# Chaos lord on manticore? worth the points?



## Lord Sven Kittyclaw

hey guys im thinking if buying a manticore and mounting a chos lord on it, but is it worth it? its virtually a griffin i dont know if i should just spendthe exta points and field a dragon instead? ideas? comments?:good:


----------



## Ascendant Valor

Dragons take up an extra Hero allotment. That alone is a huge investment.

Dragons are a little more potent, in that they (tend to) have higher stats than just about any other monsterous unit, but at a higher points cost. What you really get with the Manticore (as far as I remember) is Killing Blow. 
That's right, it dishes out the damage just fine, but you have to be careful with that whole "check your leadership or else it will destroy things."
Still, both cause Terror, fly, high T and S, decent attacking ability.

Otherwise, just like it ALWAYS is, it's a very subjective matter, and usually your personal preference will take precedence.


----------



## Vaz

No. Certainly not, and IIRC, Dragons or manticores don't take up an additional option, although I've never used one, so don't pay too much attention.

ChaosLords are a huge drain on the points. While more survivable than exalted champions (can get excellent magic armour and are T5 with 3 wounds, instead of T4 and 2 wounds), they aren't that much killy.

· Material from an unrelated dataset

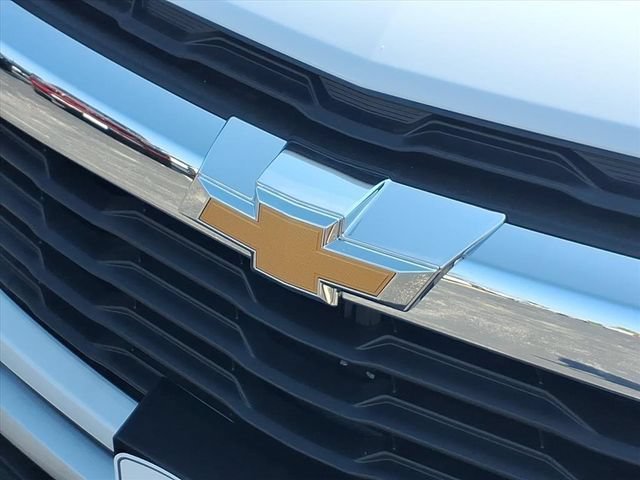 New 2026 Summit White Chevrolet LT image 25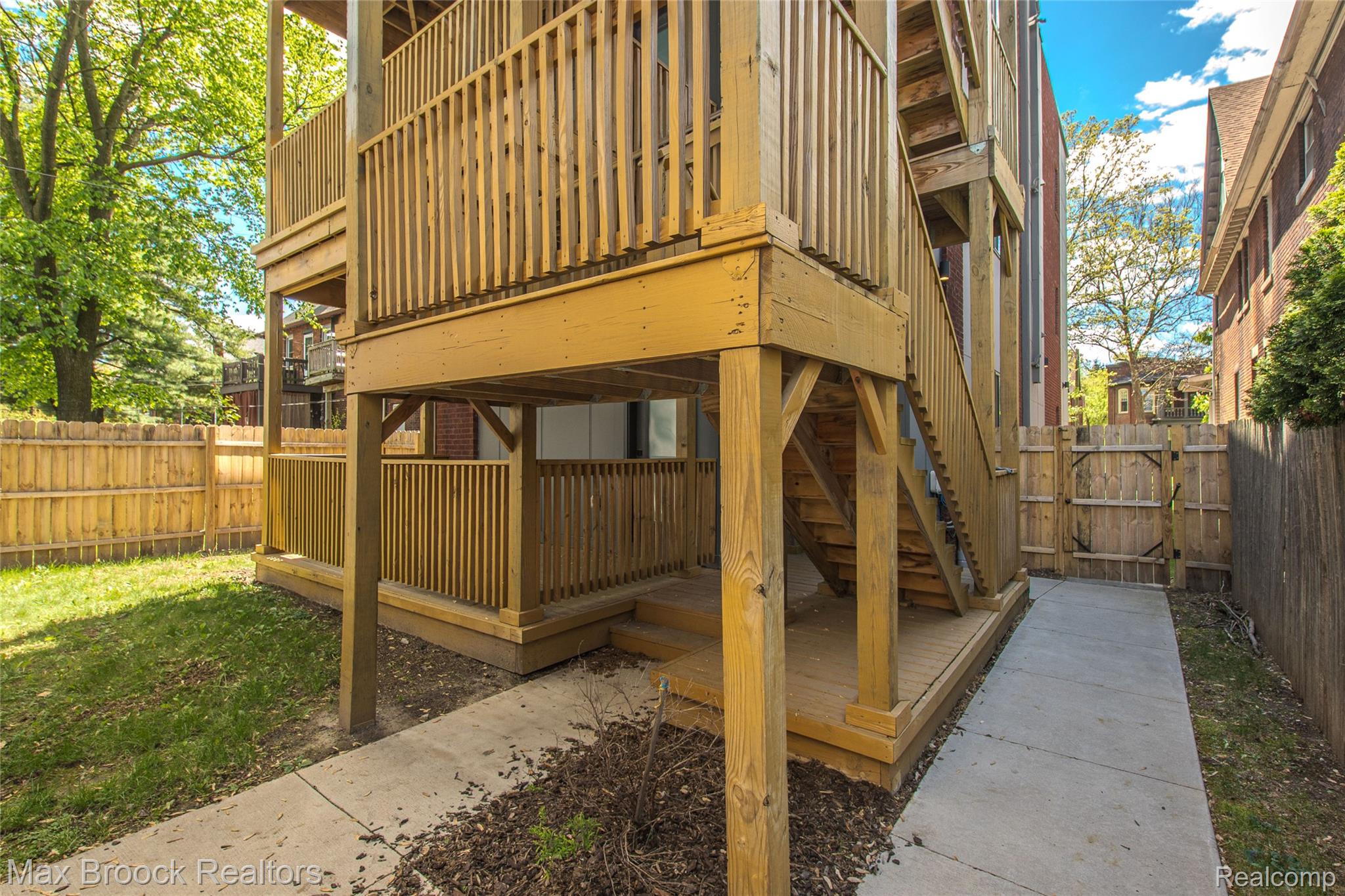 4530 Commonwealth Street, Unit 1 Detroit, MI 48208 - Photo 53 of 66 v511624_10.jpg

Get more troops, (To upgrade to a chaos lord, you can buy a unit of Marauders with Great Weapons and Mark of Tzeentch) instead.

Then adding in a montrous mount to take your Leadership bonus (as to field anything like a good army, particularly if Chaos Warriors, rather than Marauders) away from the army... Not good. You're not going to have much more to have the enemy cannons target it.

Other than being Characterful, a Monstrous Mount and a Lord are drains when others do the job far better.


----------



## Syph

Dragons definitely take a Hero slot in the Dark Elf army book. Whether than stands for Chaos, I dunno.


----------



## squeek

Chaos Dragons cost an extra hero slot for WoC page 121 of the Armybook, just as a clarification. Manticores don't though.


----------



## Dafistofmork

i would assume that is because dragons are heores in there own right?

also, i would never mount my generual on a large taget-that is screaming for war machine fire to hit it. give him a ward, and stick him in a hard unit in the center of your battle line, and surround with units that are only cheep due to stupidly low leadership. such as marruders. that is why he is exists.


----------



## MaidenManiac

I've been plotting about putting a Sorcerer Lord on a Manticore:shok:
It gives him alot more killing potential should you need aditional CC options. I'd defo give that dude a Runesword if I did field one. If he goes frenzy he'll actually be a good fighter armed with that, and adding the Manticores attacks you should be able to kill something semi-dangerous with him atleast whilst still being able to contribute with spells each turnk:


----------



## Ascendant Valor

I guess it's more of a matter of Chaos not truly benefiting from being mounted on a Monstrous Mount. Other races tend to do it better, since they benefit more. Ever see an Old Blood (or whatever the Lizardmen's Lord-level fighter is) on a monster that didn't ruin things with the rest of its army? How about a High Elf Lord on a Dragon? They can be nasty too. Chaos Lord on a Dragon? The Lord hits almost as hard as the Dragon, and thanks to some good magic items, will likely last longer.

As I said before, though, it is really a matter of personal preference. I like the idea of putting a Character on a big, nasty monster, but I usually opt away from it, since I like the look of a leader joining his troops in combat more.


----------